Modeling of connected community infrastructures accounting for the interdependencies among energy, transportation, and communication networks

A future connected community is rendered as an aggregate of sophisticated public infrastructure not only the energy system but also the transportation and communication networks, intertwined with each other. The issues multiply when researchers start juggling how, when, and where to allocate heterogeneous infrastructures, such as renewable energy sources, electric vehicles, and advanced wireless communication and sensor systems. In order to achieve a globally optimum operation and cost reductions, energy, transportation and communication networks should be modeled and optimized collectively. In this paper, a preliminary connected community package implemented in Modelica is proposed considering the interdependency between these three networks. In this package, a connected community is divided into multiple regional blocks. Each block has three system agents including an agent for energy consumption and renewable generation, an agent for transportation which includes an electric vehicle station, and an agent for communication.
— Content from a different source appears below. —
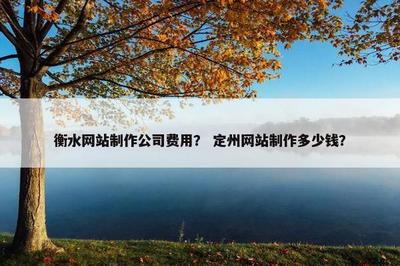衡水與定州網(wǎng)站制作公司費(fèi)用及國內(nèi)廣告設(shè)計(jì)費(fèi)用全解析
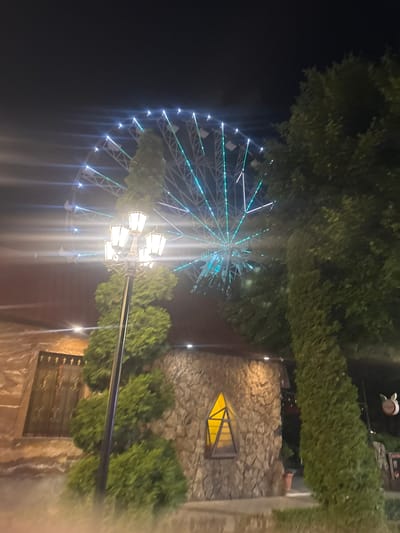 This nighttime image depicts a scene within Yerevan Park in Yerevan, Armenia. In the upper half of the frame, a large Ferris wheel is prominently displayed, illuminated with alternating white and teal-green lights along its spokes and outer rim. The sky above is dark and cloudless.

In the mid-ground and foreground, a tall, black, multi-lantern street lamp stands centrally, casting bright light flares. Surrounding the base of the lamp and extending to the left and right are manicured green shrubs and trees.

Architectural structures made of rough-hewn stone are visible behind the vegetation. On the left, part of a building wall features a rectangular window with decorative dark metal grates. On the right, another stone-faced building displays a distinctive, upward-pointing triangular window or decorative panel, illuminated internally with a warm yellow light. Further to the far right, partially obscured by foliage, a faint reddish-brown object with two rounded protrusions, possibly resembling an animal's head or logo, is visible. There are no people present in the scene, and no discernable actions or interactions are occurring.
The three different system agents in energy, transportation, and communication are interconnected through different interfaces. For the energy system agent, the cable model links the interaction of different energy agents. For the transportation system agent, the road model is built to simulate the commuting between the different blocks. For the communication system agent, the transmission model is built to mimic reduction or delay in transmitting the information flow. Finally, a case study is presented to demonstrate how the transportation and communication networks influence on the operation of the energy systems between various blocks.